*** Records to use ***

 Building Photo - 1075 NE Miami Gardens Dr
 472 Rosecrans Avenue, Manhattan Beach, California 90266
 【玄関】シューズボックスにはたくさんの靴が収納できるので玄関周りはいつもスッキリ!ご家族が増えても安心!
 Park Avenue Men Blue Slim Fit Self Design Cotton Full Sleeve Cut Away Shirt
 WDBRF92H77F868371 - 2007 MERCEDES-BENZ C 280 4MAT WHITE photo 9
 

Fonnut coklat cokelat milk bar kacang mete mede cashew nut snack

*** End of Records to use ***
*** Records to use ***

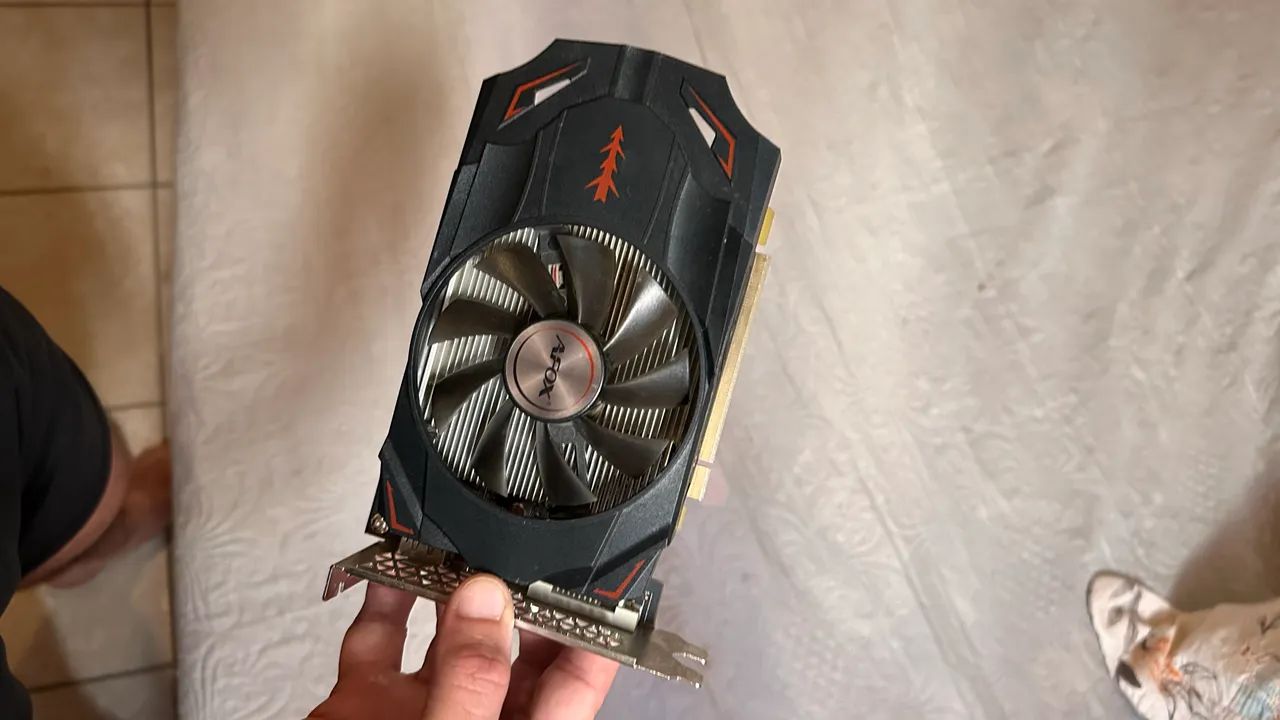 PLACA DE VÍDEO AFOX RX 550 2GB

*** End of Records to use ***

* _What you should do_
Tell how many lines of the data above hold the string "Avenue". The number alone is the answer.

* _Reply_
2